Here, I have MySQL server running in timezone America/Chicago
(CDT/CST). I have verified this with following sql query
SELECT @@global.time_zone, @@session.time_zone;
My simple table looks like below:
SELECT * FROM brand ORDER BY updated_ts;
I have a logstash docker image 6.4.0 (Container is running in UTC) with following configuration details:
###
# Configuration file for brand ingestion
#
# Directory structure of logstash for docker is mentioned here.
# https://www.elastic.co/guide/en/logstash/current/dir-layout.html#docker-layout
###
input {
jdbc {
# JDBC driver location
jdbc_driver_library => "/usr/share/logstash/bin/mysql-connector-java-8.0.12.jar"
# JDBC driver - updated one- use this
jdbc_driver_class => "com.mysql.cj.jdbc.Driver"
# DB connection string
# Note: If logstash running system timezone is different than MySQL server timezone,
# then please update it as per MySQL server timezone
# SELECT @@global.time_zone, @@session.time_zone;
jdbc_connection_string => "jdbc:mysql://SERVER:3306/SCHEMA?serverTimezone=America/Chicago&useSSL=false"
jdbc_user => "USER"
jdbc_password => "XXXX"
# If true, then will not persist previous execution state. Setting false as we will have updates also
clean_run => false
# Set the timezone
# Verify the timezone of the MySQL server and update here if necessary.
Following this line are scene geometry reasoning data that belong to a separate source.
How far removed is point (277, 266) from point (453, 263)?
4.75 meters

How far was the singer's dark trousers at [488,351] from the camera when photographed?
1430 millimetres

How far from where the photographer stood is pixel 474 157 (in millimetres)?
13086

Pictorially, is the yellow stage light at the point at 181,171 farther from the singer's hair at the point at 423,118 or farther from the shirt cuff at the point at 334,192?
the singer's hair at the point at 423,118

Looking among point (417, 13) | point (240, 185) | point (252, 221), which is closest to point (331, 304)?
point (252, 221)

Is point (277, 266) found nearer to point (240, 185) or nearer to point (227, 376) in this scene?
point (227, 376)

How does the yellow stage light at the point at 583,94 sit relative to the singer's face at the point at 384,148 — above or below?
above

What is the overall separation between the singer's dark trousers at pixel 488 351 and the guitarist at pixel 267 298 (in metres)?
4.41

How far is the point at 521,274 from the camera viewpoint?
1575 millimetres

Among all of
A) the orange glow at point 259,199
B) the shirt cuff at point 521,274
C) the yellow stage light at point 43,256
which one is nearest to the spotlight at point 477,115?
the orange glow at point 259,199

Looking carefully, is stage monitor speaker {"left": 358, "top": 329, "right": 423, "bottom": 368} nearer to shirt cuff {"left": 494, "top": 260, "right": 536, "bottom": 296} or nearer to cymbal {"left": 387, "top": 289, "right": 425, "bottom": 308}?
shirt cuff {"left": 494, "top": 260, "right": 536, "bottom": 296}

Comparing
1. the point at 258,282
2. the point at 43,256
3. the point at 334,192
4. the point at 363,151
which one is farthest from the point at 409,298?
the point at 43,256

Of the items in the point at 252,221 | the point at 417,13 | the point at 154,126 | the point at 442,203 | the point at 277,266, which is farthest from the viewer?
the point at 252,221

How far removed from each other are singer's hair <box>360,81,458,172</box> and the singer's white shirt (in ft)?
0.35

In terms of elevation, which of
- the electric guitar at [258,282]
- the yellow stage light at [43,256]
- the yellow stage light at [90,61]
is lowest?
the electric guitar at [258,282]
This will be crucial in case of
# recording the last run time.
jdbc_default_timezone => "America/Chicago"
# schedule
# TODO: update the schedule, currently every five minutes for testing
schedule => "5 * * * * *"
# SQL
# Note: Do not end the sql with separator(;)
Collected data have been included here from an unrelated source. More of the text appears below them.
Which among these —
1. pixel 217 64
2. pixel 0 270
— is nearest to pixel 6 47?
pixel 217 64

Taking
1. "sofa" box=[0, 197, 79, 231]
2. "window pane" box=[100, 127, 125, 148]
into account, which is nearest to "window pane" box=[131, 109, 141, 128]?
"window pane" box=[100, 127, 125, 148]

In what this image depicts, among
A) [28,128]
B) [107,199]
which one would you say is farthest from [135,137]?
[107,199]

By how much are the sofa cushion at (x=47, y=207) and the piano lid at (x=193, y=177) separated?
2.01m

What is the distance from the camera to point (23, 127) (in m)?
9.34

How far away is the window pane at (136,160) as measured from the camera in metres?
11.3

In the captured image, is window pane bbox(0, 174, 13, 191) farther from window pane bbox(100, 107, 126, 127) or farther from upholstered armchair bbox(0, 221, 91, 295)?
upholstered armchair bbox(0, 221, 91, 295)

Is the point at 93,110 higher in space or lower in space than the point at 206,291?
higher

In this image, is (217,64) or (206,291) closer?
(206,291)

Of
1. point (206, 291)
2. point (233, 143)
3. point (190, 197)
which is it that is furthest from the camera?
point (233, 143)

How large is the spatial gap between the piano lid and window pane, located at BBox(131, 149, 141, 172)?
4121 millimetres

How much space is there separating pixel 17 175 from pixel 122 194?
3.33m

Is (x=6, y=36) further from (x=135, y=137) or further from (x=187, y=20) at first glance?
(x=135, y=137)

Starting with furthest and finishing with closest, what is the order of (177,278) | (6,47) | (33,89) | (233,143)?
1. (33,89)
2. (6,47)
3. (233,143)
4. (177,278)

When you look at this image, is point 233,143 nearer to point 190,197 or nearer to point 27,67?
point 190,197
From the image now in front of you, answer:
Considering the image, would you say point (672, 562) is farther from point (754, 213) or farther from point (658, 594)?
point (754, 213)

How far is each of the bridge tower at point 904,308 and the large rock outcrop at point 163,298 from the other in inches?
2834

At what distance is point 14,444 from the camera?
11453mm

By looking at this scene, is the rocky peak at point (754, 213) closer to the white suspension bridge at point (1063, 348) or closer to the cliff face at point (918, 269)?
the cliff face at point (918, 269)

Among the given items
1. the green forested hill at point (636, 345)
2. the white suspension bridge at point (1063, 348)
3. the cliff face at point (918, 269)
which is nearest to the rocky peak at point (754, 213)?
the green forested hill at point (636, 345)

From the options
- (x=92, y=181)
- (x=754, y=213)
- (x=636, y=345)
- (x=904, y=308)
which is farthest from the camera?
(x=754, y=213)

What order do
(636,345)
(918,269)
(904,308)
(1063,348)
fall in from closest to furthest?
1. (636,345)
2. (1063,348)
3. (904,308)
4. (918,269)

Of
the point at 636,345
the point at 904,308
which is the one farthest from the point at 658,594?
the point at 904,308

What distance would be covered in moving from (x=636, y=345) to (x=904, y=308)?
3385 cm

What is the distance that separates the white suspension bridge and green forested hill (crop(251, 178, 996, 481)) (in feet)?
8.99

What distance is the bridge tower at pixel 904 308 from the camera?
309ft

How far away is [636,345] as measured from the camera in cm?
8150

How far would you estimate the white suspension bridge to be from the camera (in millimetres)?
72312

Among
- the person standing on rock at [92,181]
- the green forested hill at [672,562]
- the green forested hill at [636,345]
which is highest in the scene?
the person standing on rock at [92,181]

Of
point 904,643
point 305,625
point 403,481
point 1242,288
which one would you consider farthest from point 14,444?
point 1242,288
# Specify the ORDER BY "tracking_column", if record_last_run is true to record the correct time
statement => "SELECT
b.brand_id AS 'brand_id',
b.brand_name AS 'brand_name',
b.brand_logo AS 'brand_logo',
b.updated_ts as 'updated_ts'
FROM
brand b
WHERE b.updated_ts > :sql_last_value
ORDER BY updated_ts, b.brand_id ASC"
# Specify the fetch size, if not provided jdbc driver default is used
jdbc_fetch_size => 1000
# Need to set to use the specified column as an identifier of the persistent state
use_column_value => true
# Name of the column to track previous exexution or persistence
# Need to take the most updated one
tracking_column => "updated_ts"
# Type of the tracking column - very important!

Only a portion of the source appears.